Data Warehouses are typically first installed to optimize reporting. To provide analytics that is not provided by the “bread and butter” production systems. This frees up the production systems to concentrate on the day-to-day operational requirements of the business.

Integration

In addition, the DW allows for cross-platform reporting. Typically it can be very hard to find a single vendor that provides a “best in class” solution for all your business system needs. Rather, for example, a vendor may provide a great payroll system, but a poor sales system.

As a result, a company can end up with a payroll system from one vendor and a sale system from another vendor. The data warehouse provides a means, for example, to integrate commissions earned in sales with commissions paid on the payroll.

Master Data Management

As Data Warehouses have evolved the concept of Master Data Management (MDM) has been introduced as businesses recognize the need for a “single version” of the truth. While the DW is based on Transactional and Reference Data, MDM is based on Master Data.

For example, a customer may exist in different systems, such as sales and accounts. The customer may have Transactional Data in both systems such as sales and payments. And both systems may have Reference Data such as customer names and addresses.

Master data combines the transactions and reference data into a single view of the customer. This provides two significant benefits:

  • Everything known about a customer is provided by a single source.
  • A change in one business system will update all business systems.

Master Data, Reference Data, and Transactional Data are all part of an Integrated Data Warehouse (IDW). As designs have evolved, the Extract Load Transform (ETL) process has been simplified and expanded to handle increasing volumes of fast-changing data.

This has allowed for the introduction of low-cost MDM development as compared to traditional DW design. In ETL design, the majority of the cost is T (Transform), and is often the bottleneck in design, implementation, maintenance, and support.

MDM recognizes this problem and minimizes T through the use of timestamp and source identification.

Security

Natural disasters and power outages are not the only serious challenges facing production systems. With the rise of ransomware and cryptocurrency, it is possible for bad actors to shut down systems with virtually no fear of law enforcement tracing or preventing their activities.
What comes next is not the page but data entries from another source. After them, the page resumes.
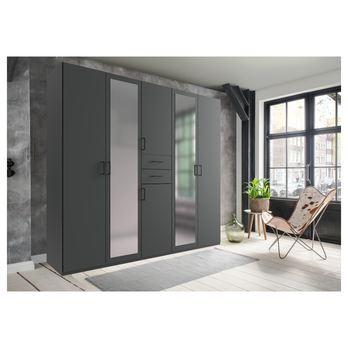 Šatníková skriňa MAEVE grafitová, šírka 225 cm 1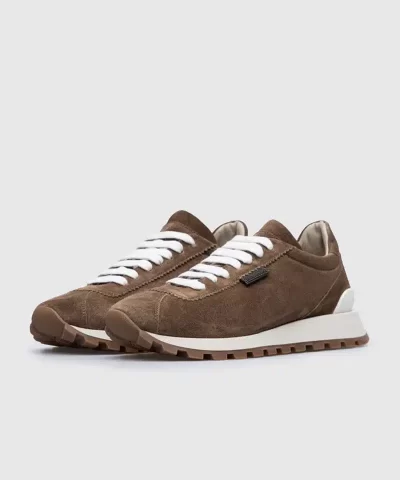Brunello Cucinelli Bead Embellished Suede Sneakers 1 1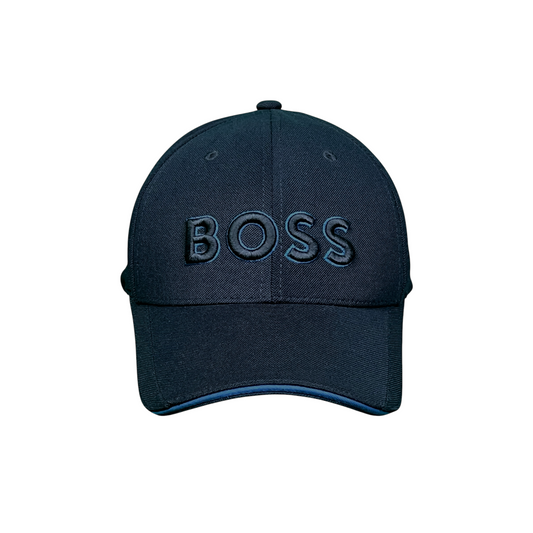Boss Hugo Boss Embroidered Logo Navy Blue Strapback Hat - $80 Retail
It is quite possible many attacks are state-sponsored, with past and present employees the targets to gain access.

These events are much more common than reports in the press would indicate. No matter how good your firewall, no matter how good your malware detection, human engineering remains the weakest link in any security system. Companies will often pay the ransom quietly rather than risk their public image.

Data Recovery

The DW and MDM can play a key role in disaster recovery. As mentioned previously, the operation of the data warehouse is very similar to a data backup. In fact, the DW and MDM can use backups as their data source, or with good design, the DW and MDM can supplement or replace backups.

Virtualization

For these reasons, it is not advisable to run the data warehouse on the same hardware as the production system via virtualization. A breach of security at the hardware level could lock out your production system, backups, and data warehouse. Recovery is then almost impossible without paying the ransom. And having paid the ransom, there is no guarantee of recovery.

An alternative is to place your data warehouse offsite and use transaction or log shipping to backup the production system. The data warehouse can then use a copy of the transaction log as its data source. In this case, the hackers must break security into two different systems rather than a single system.

With data warehousing and backup on a separate system, hackers will look for a weaker target. Thieves do not target two strong men walking down the street. They pick on the little old lady clutching her purse.

When swimming with sharks you don’t need to swim faster than the sharks, only faster than the person beside you. Good security well designed and implemented will defeat perfect security never realized.

The excuse, “it will never happen to us” is always true, until it does.